The Tree Of Life de Terrence Malick
(2011)
Il est difficile d'écrire sur le dernier film de Terrence Malick tant son
Tree Of Life fait partie de ce cercle fermé composé d'œuvres qui ne déclencheront jamais l'enthousiasme général tant celles-ci s'adressent avant tout à l'esprit affectif du spectateur. Ainsi, des films comme
2001, A Space Odyssey,
Otto E Mezzo,
2046, le récent
Enter The Void et désormais
The Tree Of Life doivent être avant tout considérés comme des créations d'hommes qui, quoi que l'on en pense, marque et marqueront le paysage cinématographique mondial pour le changer à jamais. Des créations qui ne recherchent ni l'approbation, ni la compréhension du public, des œuvres faites simplement pour exister, faire ressentir et surtout pour permettre aux cinéastes de s'exprimer de façon libre, sans obligations narratives ou visuelles. Stanley Kubrick démontrait sa vision de la vie, Frederico Fellini exposait ses fantasmes et peurs, Wong Kar-Waï filmait les folies de l'amour à son paroxysme, Gaspar Noé créait son trip ultime, Terrence Malick, quand à lui, parle de la vie, de sa vie, à sa manière, de façon dense et pourtant si simple à la fois, tellement simple que, finalement, beaucoup de spectateurs seront laissés sur le carreau.
Pourtant, il est clair que l'évolution du cinéma de Malick ne pouvait que donner un tel résultat. C'est notamment dans
The Thin Red Line que le cinéaste expérimente avec sa construction narrative, mélangeant une histoire linéaire avec des plans évocateurs d'un message simple, celui que la nature et la grâce sont au cœur de la vie, même lors d'un déchaînement de violence. Cette confrontation (ou plutôt cette symbiose) entre la nature et la grâce est le cœur du cinéma de Malick et est au final le sujet principal de
The Tree Of Life, en parallèle avec l'histoire d'une famille texane qui se révèle hautement autobiographique, non seulement parce que les rapports avec les faits connus de l'enfance de Terrence Malick concorde, mais aussi et surtout parce que toute la force émotionnelle qui se dégage du film ne peut que provenir de doutes, de peurs et de souvenirs véritables.
The Tree Of Life est donc un film hautement personnel et qui s'adresse au cinéaste lui-même avant de s'adresser au spectateur, un film simple mais ambitieux qui raconte l'enfance telle qu'on ne l'avais jamais raconté mais aussi et surtout la vie elle-même, sa création, son futur, sa portée symbolique, ses conséquences et ce qu'elle représente finalement pour chacun de nous.
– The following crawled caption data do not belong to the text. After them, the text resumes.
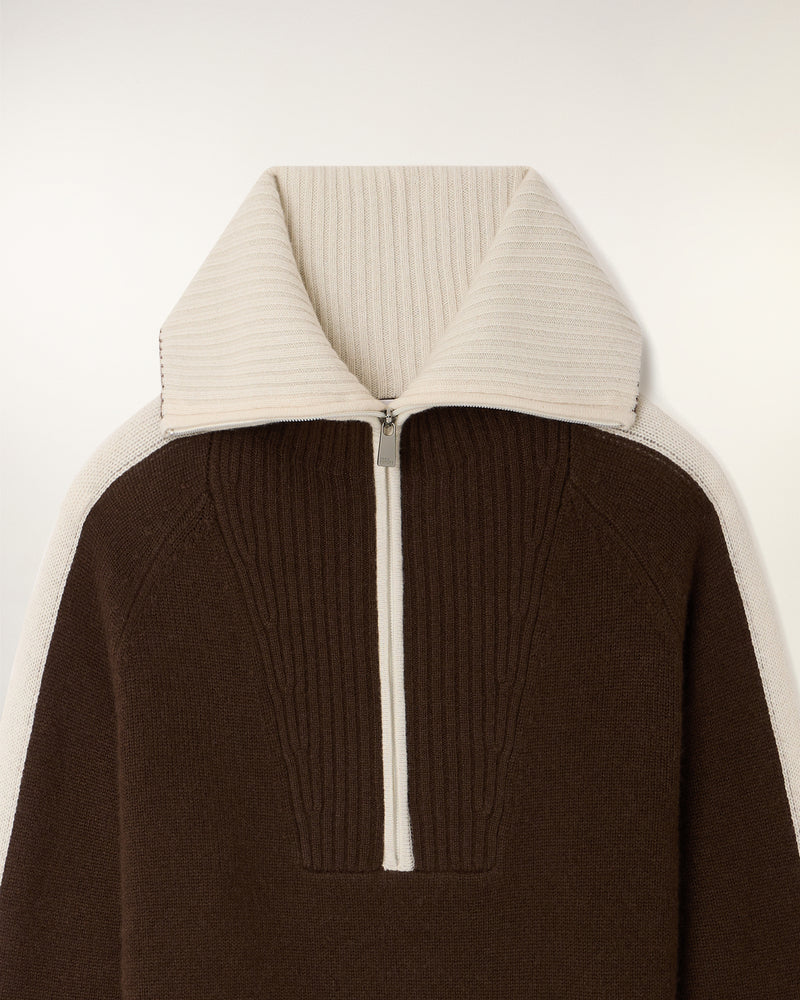 Pull Col Camionneur Chocolat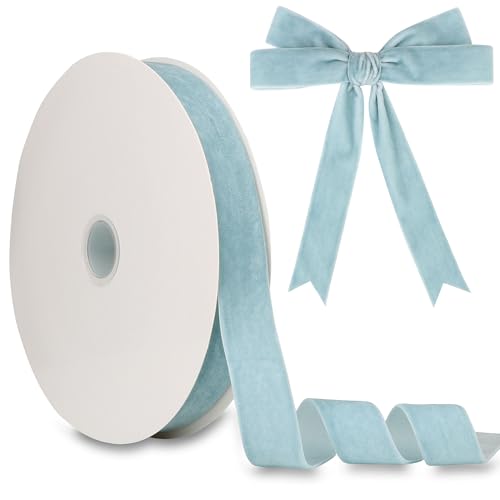 1 Inch Velvet Ribbon 30 Yards LVYOUIF Single Side Flocked Christmas Ribbon Roll for Gift Wrapping Bouquets Tree Bows Holiday & Party Decoration Light Blue -78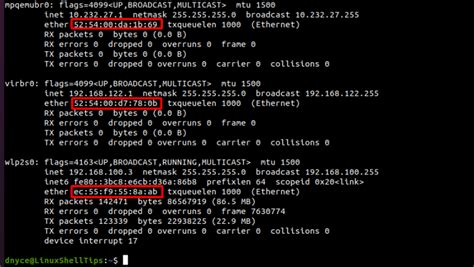 how to get mac address linux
Avec un montage étonnant où le chaos des images qui se succèdent se permet de créer du sens, Malick virevolte avec une caméra légère comme l'air et toujours à haute d'homme (voire d'enfant) entre la création de l'univers, les joies et les peurs de l'enfance, les questionnements d'un architecte perdu (qui pourrait bien être la représentation que Malick se fait de lui-même, architecte de ses œuvres mais pas du déroulement de sa propre vie), le complexe d'Oedipe ou encore sur le futur de la vie elle-même (destruction pure et simple, éternel recommencement ou retrouvailles dans un paradis désertique ?).
Aboutissement grandiose du génie créatif de Terrence Malick qui signe là quelques unes de ses plus belles scènes (l'opéra cosmique, la dispute père-fils, etc...),
The Tree Of Life est une œuvre au références étonnantes (le cinéma de Dziga Vertov ou encore le
Fantasia de Walt Disney) à ne pas mettre entre toutes les mains puisqu'il se veut être un discours visuel symbolique avant d'être une entité cinématographique. En cela, le film pourra décevoir, surprendre voire même dégoûter, mais qu'importe,
The Tree Of Life peut être d'ores et déjà considéré comme un monument cinématographique, trouvant la densité dans la simplicité, la beauté dans chaque image et la grâce dans n'importe quel moment. Terrence Malick ne signe peut être pas là son meilleur film mais il accomplit sans aucun doute l'accomplissement total de son cinéma, sur le fond et la forme, sans jamais se répéter, son film le moins abordable mais le plus complet. Assurément un très très grand film qui ne laissera personne indifférent et qui mérite amplement sa Palme d'Or, ce qui est assez rare pour être souligné.